Vikas Garg · Adam Tauman Kalai · Katrina Ligett · Steven Wu

Domain generalization is the problem of machine learning when the training data and the test data come from different ``domains'' (data distributions). We propose an elementary theoretical model of the domain generalization problem, introducing the concept of a meta-distribution over domains. In our model, the training data available to a learning algorithm consist of multiple datasets, each from a single domain, drawn in turn from the meta-distribution. We show that our model can capture a rich range of learning phenomena specific to domain generalization for three different settings: learning with Massart noise, learning decision trees, and feature selection. We demonstrate approaches that leverage domain generalization to reduce computational or data requirements in each of these settings. Experiments demonstrate that our feature selection algorithm indeed ignores spurious correlations and improves generalization.

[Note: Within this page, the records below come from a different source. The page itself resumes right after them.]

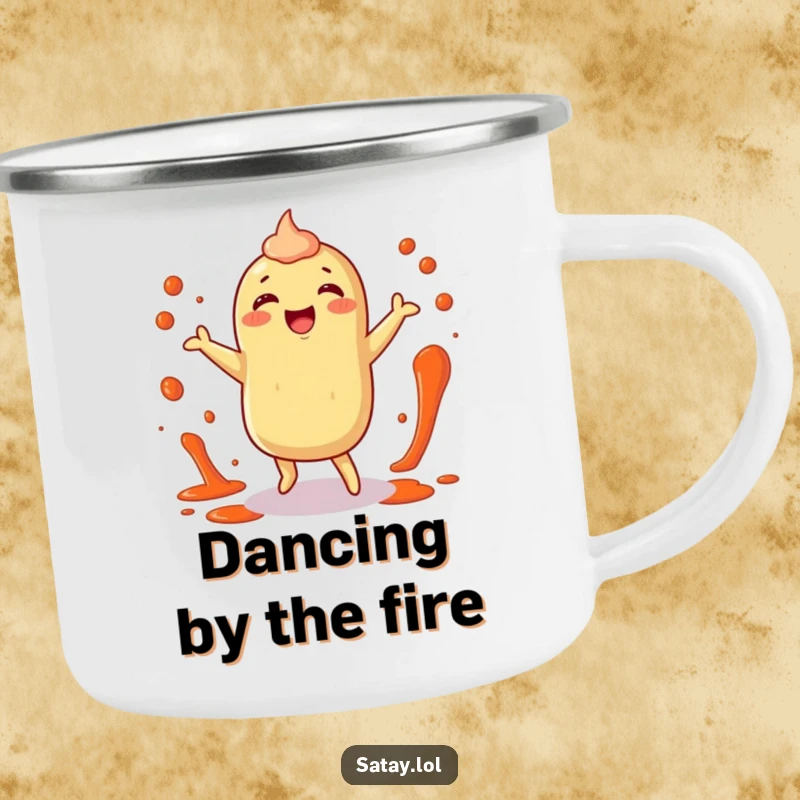 Funny satay camping mug showcasing a happy satay character dancing with sauce splatters, ideal for outdoor chefs.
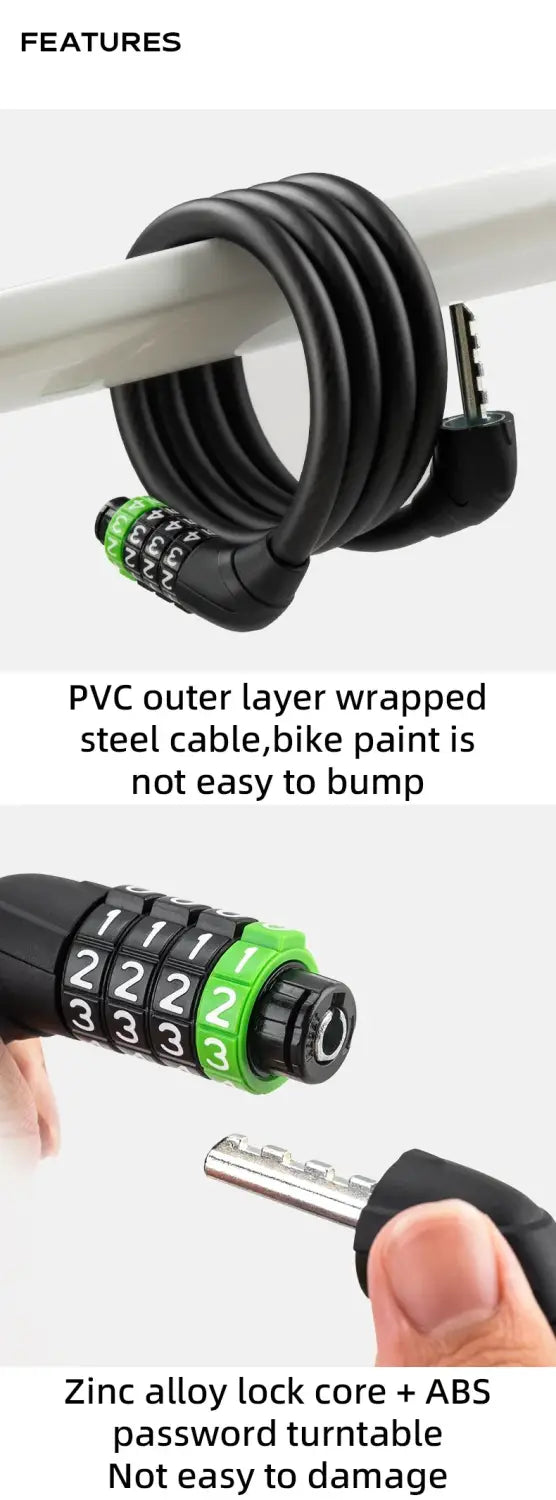Bike Lock Strong Anti-Theft Combination Cable for Bike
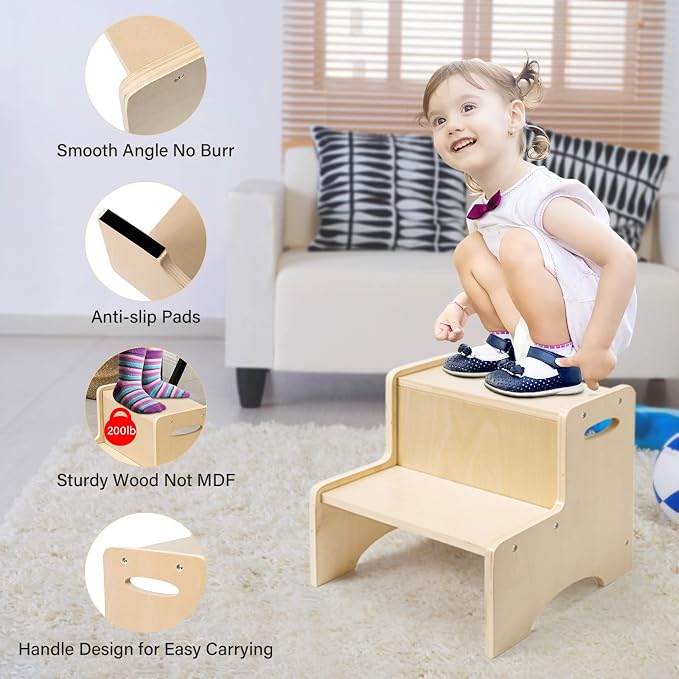 Wooden Toddler Step Stool for Kids, Bathroom Potty Stool & Kitchen Stool, Natural Two Step Stool for Bedroom, Children's Stool with Handles and Safety Non-Slip Pads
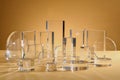Background crystal glass podium platform. Stand cosmetic products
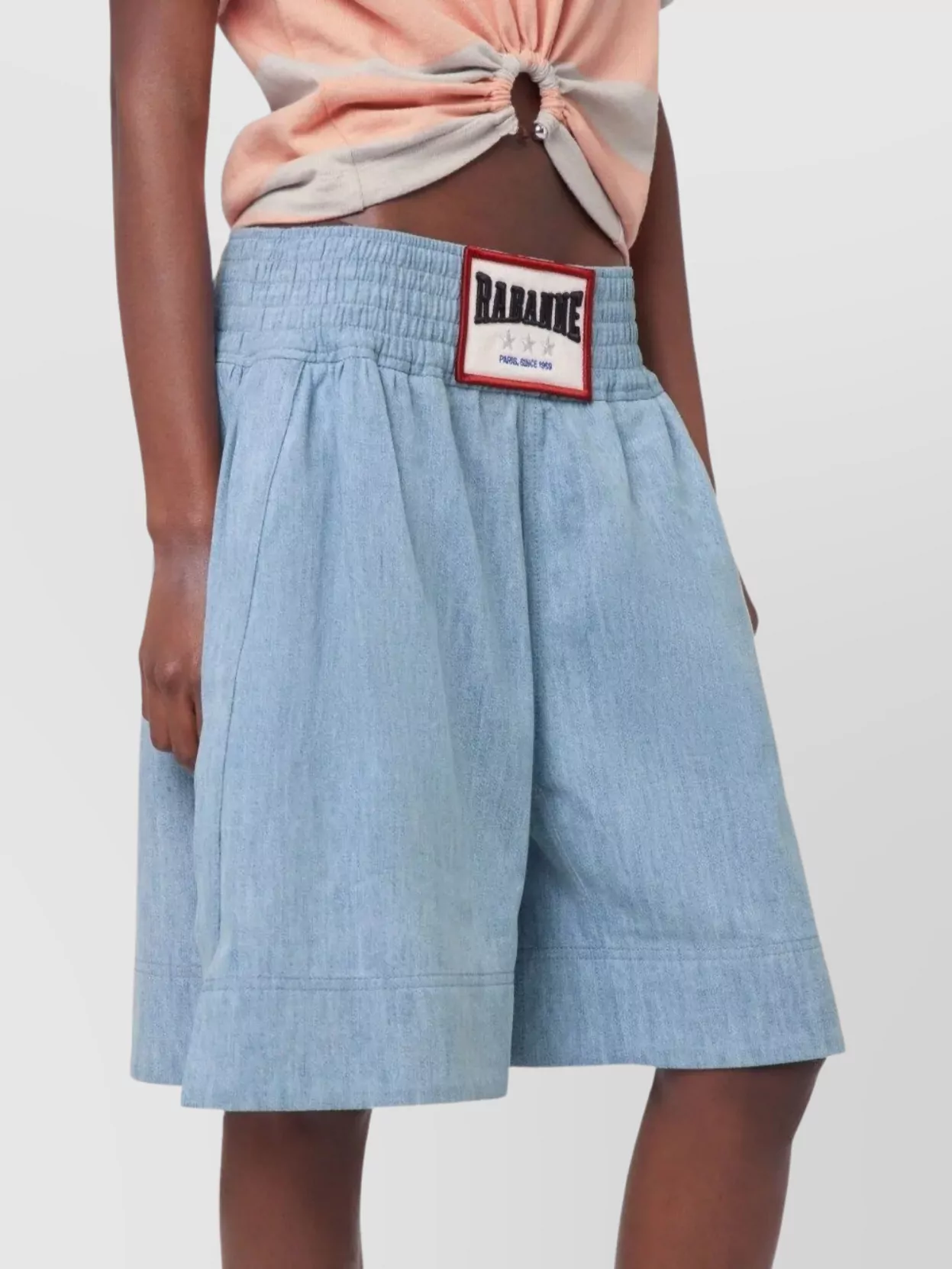 Paco Rabanne Denim Knee Length Wide Leg Shorts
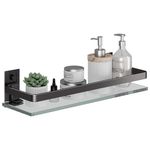 Danpoo Clear Tempered Glass Wall Shelf, Wall-Mounted Organizer for Bathroom, Kitchen(Matte Black)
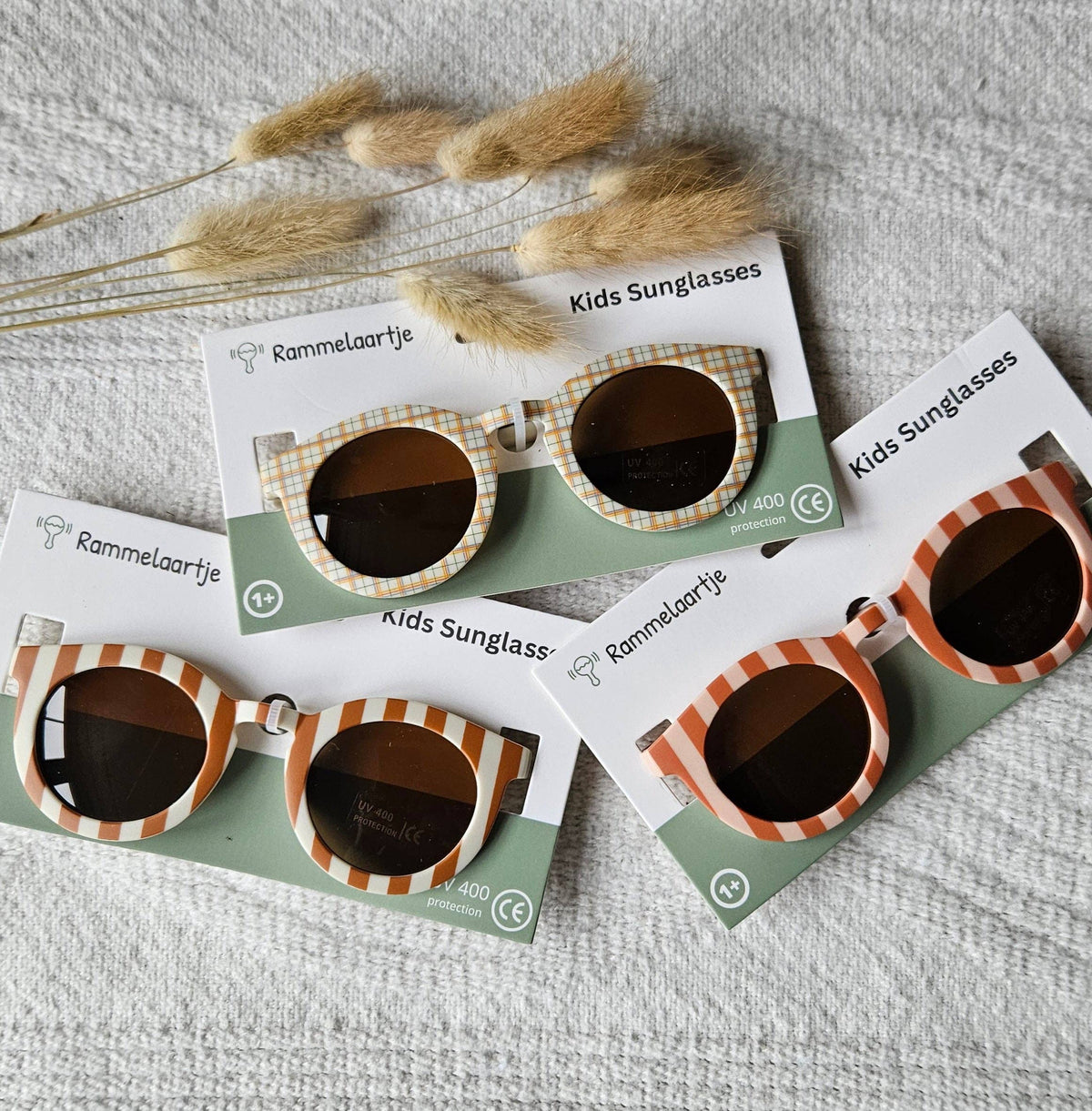 Sunglasses UV400 striped - Beige/Camel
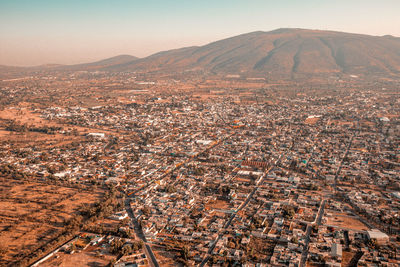 High angle view of townscape against sky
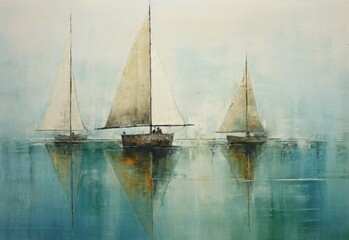 Painting background sailing boats on quiet sea with soft colors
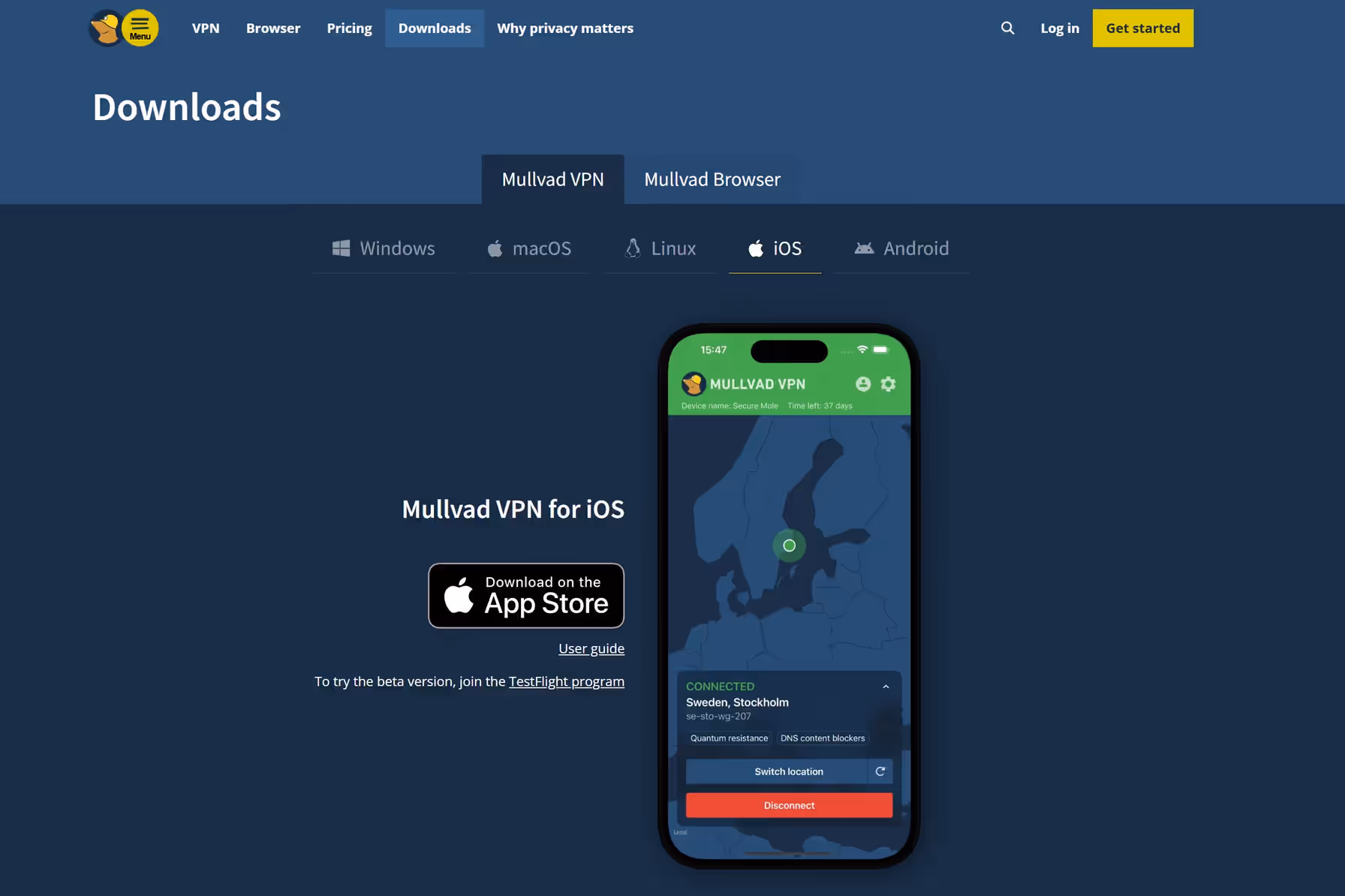 Mullvad VPN iOS download page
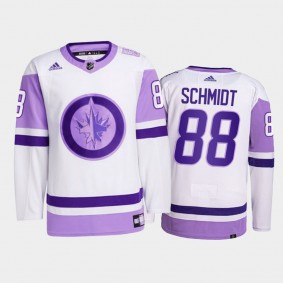 Nate Schmidt #88 Winnipeg Jets Hockey Fights Cancer White Primegreen Jersey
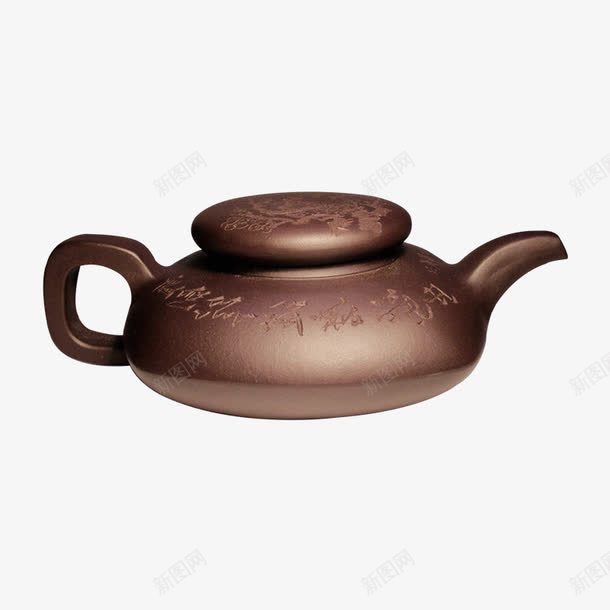 紫砂茶壶png免抠素材_88icon https://88icon.com 产品实物 古董紫砂壶 扁平 泡茶 紫砂壶 茶具 褐色
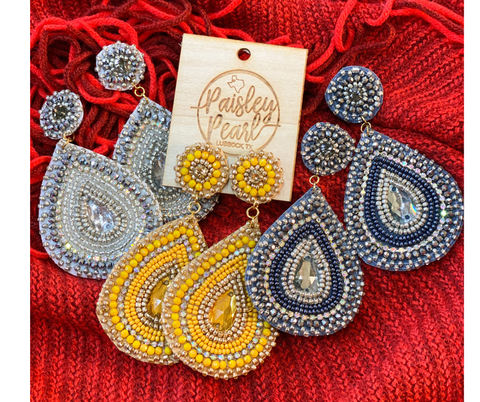 Teardrop Beaded Earrings
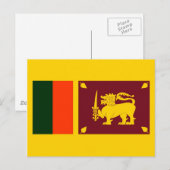Carte Postale Sri Lanka Island - Drapeau Lion (Devant / Derrière)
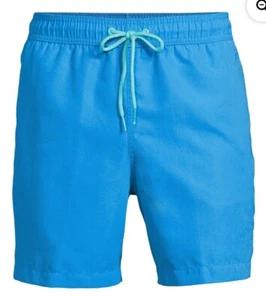 Mens 2XL (44-46) Blue Basic Swim Shorts Elastic Waist Pockets Above The Knee - Picture 1 of 8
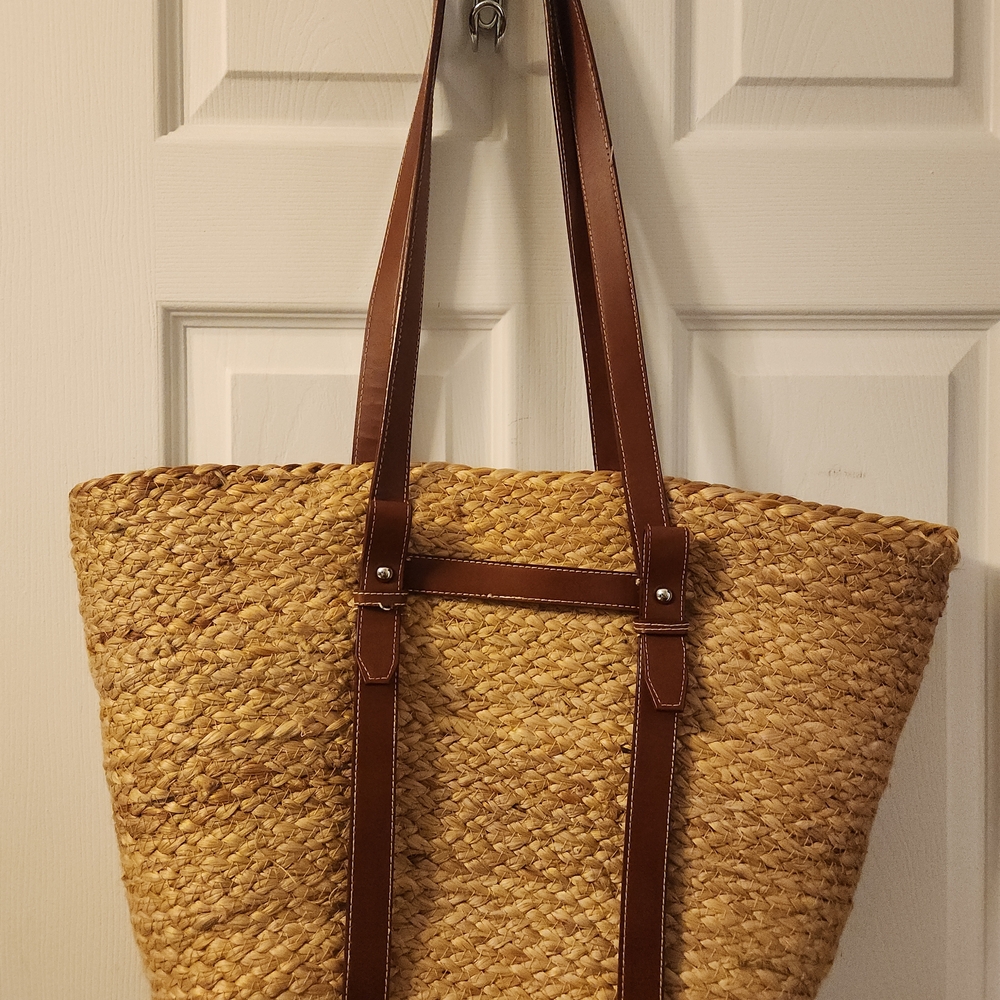 Brown Woven Tote Bag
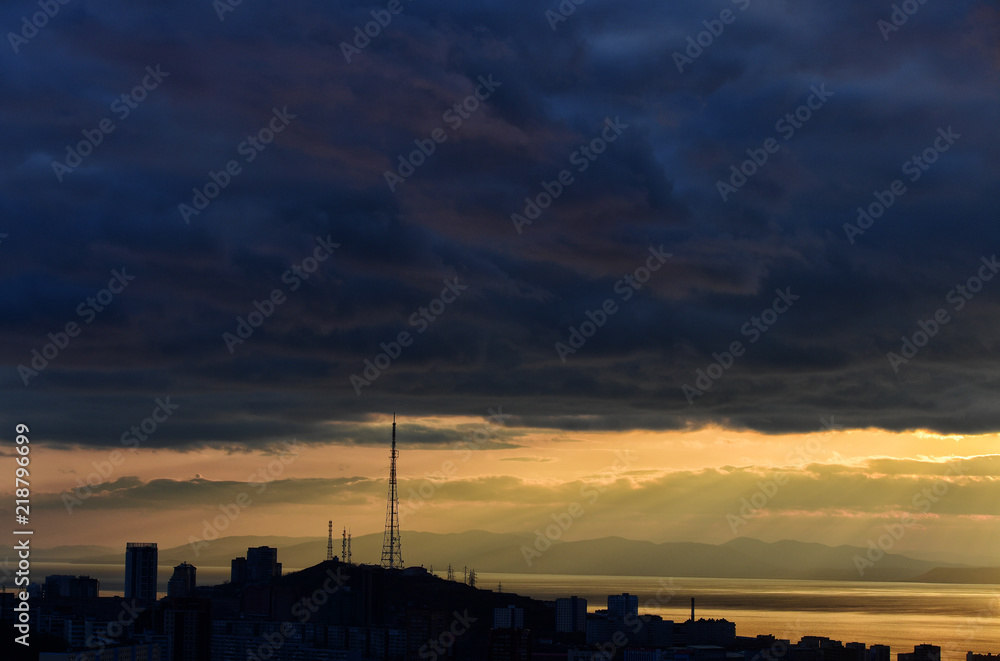 View of the city of Vladivostok at sunset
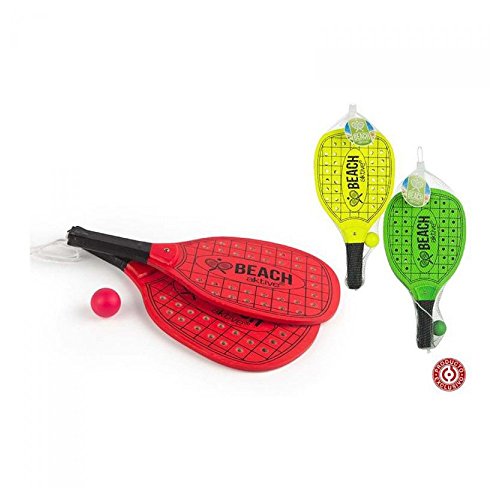 Color Baby - Set de Palas de Madera para Playa, Color neón (53669)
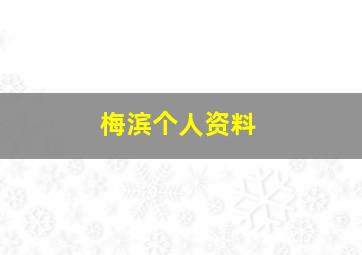 梅滨个人资料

**Improving Adversarial Robustness via Unlabeled Out-of-Domain Data**

Zhun Deng · Linjun Zhang · Amirata Ghorbani · James Zou

Data augmentation by incorporating cheap unlabeled data from multiple domains is a powerful way to improve prediction especially when there is limited labeled data. In this work, we investigate how adversarial robustness can be enhanced by leveraging out-of-domain unlabeled data. We demonstrate that for broad classes of distributions and classifiers, there exists a sample complexity gap between standard and robust classification. We quantify the extent to which this gap can be bridged by leveraging unlabeled samples from a shifted domain by providing both upper and lower bounds. Moreover, we show settings where we achieve better adversarial robustness when the unlabeled data come from a shifted domain rather than the same domain as the labeled data. We also investigate how to leverage out-of-domain data when some structural information, such as sparsity, is shared between labeled and unlabeled domains. Experimentally, we augment object recognition datasets (CIFAR-10, CINIC-10, and SVHN) with easy-to-obtain and unlabeled out-of-domain data and demonstrate substantial improvement in the model's robustness against $\ell_\infty$ adversarial attacks on the original domain.